## Exercise objective
The data should be transcribed in its entirety, word for word.
[Data supplied]
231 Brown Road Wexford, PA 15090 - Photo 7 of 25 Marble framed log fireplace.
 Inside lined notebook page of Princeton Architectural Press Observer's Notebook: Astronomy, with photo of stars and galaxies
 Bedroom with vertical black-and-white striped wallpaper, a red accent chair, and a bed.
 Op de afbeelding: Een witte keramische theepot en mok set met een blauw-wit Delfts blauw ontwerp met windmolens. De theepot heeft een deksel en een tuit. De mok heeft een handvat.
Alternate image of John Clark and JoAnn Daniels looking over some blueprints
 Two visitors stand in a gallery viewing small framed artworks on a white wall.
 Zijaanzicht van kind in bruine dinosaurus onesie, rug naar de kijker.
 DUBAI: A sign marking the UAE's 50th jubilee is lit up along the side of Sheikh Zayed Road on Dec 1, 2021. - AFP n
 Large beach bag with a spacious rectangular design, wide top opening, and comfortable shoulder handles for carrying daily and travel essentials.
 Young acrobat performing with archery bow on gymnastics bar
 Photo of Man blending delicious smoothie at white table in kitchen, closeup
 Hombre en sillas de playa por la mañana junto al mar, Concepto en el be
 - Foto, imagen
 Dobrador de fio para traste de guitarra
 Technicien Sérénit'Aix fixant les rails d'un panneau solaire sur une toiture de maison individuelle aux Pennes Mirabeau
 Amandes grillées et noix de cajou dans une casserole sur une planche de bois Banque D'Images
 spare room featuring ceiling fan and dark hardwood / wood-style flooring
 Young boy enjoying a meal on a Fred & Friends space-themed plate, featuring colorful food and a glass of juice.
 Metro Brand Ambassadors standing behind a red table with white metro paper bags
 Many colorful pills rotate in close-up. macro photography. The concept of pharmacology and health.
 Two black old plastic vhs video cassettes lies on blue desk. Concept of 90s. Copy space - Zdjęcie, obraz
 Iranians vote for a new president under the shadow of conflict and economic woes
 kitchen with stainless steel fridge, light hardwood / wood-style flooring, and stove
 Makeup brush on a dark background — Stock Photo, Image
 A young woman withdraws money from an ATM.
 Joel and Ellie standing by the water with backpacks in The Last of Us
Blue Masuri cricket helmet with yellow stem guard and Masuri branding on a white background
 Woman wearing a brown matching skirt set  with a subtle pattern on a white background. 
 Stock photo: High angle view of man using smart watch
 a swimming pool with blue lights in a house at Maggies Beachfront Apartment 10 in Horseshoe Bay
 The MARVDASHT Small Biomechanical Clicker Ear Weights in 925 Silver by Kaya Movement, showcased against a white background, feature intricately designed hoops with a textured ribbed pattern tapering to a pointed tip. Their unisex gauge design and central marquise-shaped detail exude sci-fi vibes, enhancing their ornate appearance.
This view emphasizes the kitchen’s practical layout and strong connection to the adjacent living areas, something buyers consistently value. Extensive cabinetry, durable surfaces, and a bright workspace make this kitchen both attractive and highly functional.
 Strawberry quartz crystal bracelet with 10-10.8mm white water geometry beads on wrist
[/Data supplied]
## Response area
231 Brown Road Wexford, PA 15090 - Photo 7 of 25 Marble framed log fireplace.
 Inside lined notebook page of Princeton Architectural Press Observer's Notebook: Astronomy, with photo of stars and galaxies
 Bedroom with vertical black-and-white striped wallpaper, a red accent chair, and a bed.
 Op de afbeelding: Een witte keramische theepot en mok set met een blauw-wit Delfts blauw ontwerp met windmolens. De theepot heeft een deksel en een tuit. De mok heeft een handvat.
Alternate image of John Clark and JoAnn Daniels looking over some blueprints
 Two visitors stand in a gallery viewing small framed artworks on a white wall.
 Zijaanzicht van kind in bruine dinosaurus onesie, rug naar de kijker.
 DUBAI: A sign marking the UAE's 50th jubilee is lit up along the side of Sheikh Zayed Road on Dec 1, 2021. - AFP n
 Large beach bag with a spacious rectangular design, wide top opening, and comfortable shoulder handles for carrying daily and travel essentials.
 Young acrobat performing with archery bow on gymnastics bar
 Photo of Man blending delicious smoothie at white table in kitchen, closeup
 Hombre en sillas de playa por la mañana junto al mar, Concepto en el be
 - Foto, imagen
 Dobrador de fio para traste de guitarra
 Technicien Sérénit'Aix fixant les rails d'un panneau solaire sur une toiture de maison individuelle aux Pennes Mirabeau
 Amandes grillées et noix de cajou dans une casserole sur une planche de bois Banque D'Images
 spare room featuring ceiling fan and dark hardwood / wood-style flooring
 Young boy enjoying a meal on a Fred & Friends space-themed plate, featuring colorful food and a glass of juice.
 Metro Brand Ambassadors standing behind a red table with white metro paper bags
 Many colorful pills rotate in close-up. macro photography. The concept of pharmacology and health.
 Two black old plastic vhs video cassettes lies on blue desk. Concept of 90s. Copy space - Zdjęcie, obraz
 Iranians vote for a new president under the shadow of conflict and economic woes
 kitchen with stainless steel fridge, light hardwood / wood-style flooring, and stove
 Makeup brush on a dark background — Stock Photo, Image
 A young woman withdraws money from an ATM.
 Joel and Ellie standing by the water with backpacks in The Last of Us
Blue Masuri cricket helmet with yellow stem guard and Masuri branding on a white background
 Woman wearing a brown matching skirt set  with a subtle pattern on a white background. 
 Stock photo: High angle view of man using smart watch
 a swimming pool with blue lights in a house at Maggies Beachfront Apartment 10 in Horseshoe Bay
 The MARVDASHT Small Biomechanical Clicker Ear Weights in 925 Silver by Kaya Movement, showcased against a white background, feature intricately designed hoops with a textured ribbed pattern tapering to a pointed tip. Their unisex gauge design and central marquise-shaped detail exude sci-fi vibes, enhancing their ornate appearance.
This view emphasizes the kitchen’s practical layout and strong connection to the adjacent living areas, something buyers consistently value. Extensive cabinetry, durable surfaces, and a bright workspace make this kitchen both attractive and highly functional.
 Strawberry quartz crystal bracelet with 10-10.8mm white water geometry beads on wrist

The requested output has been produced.